Task to complete: Without including any pictures, write out the listing below exactly.

Information supplied:
====================

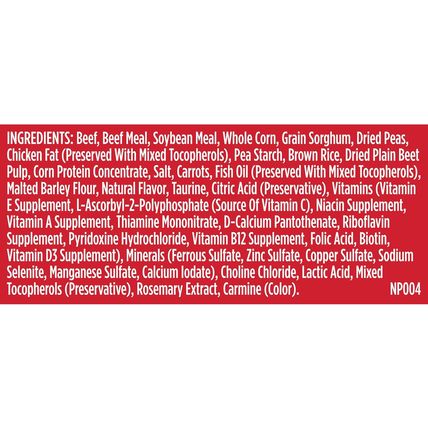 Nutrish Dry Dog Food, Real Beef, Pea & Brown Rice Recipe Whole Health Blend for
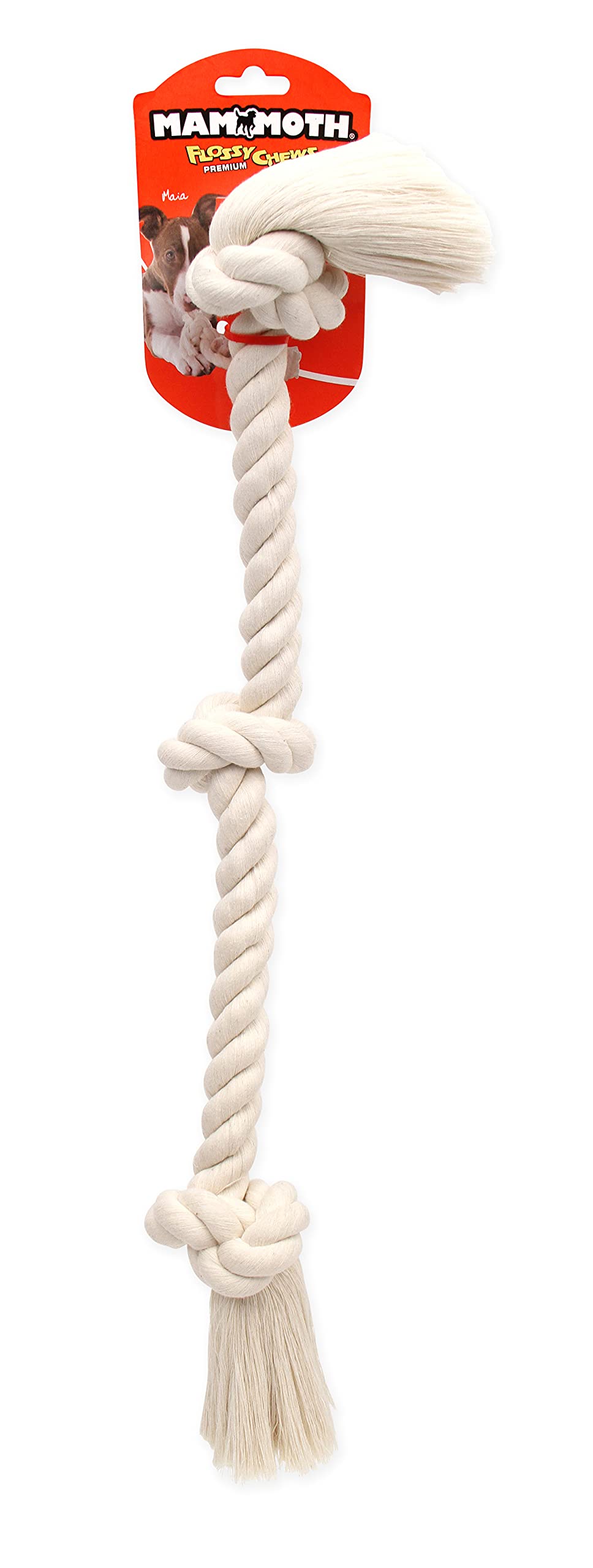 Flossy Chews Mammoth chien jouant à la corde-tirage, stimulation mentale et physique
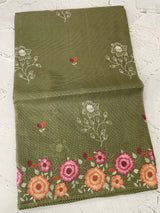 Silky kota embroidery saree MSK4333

====================

Exercise output:
 Nutrish Dry Dog Food, Real Beef, Pea & Brown Rice Recipe Whole Health Blend for
 Flossy Chews Mammoth chien jouant à la corde-tirage, stimulation mentale et physique
 Silky kota embroidery saree MSK4333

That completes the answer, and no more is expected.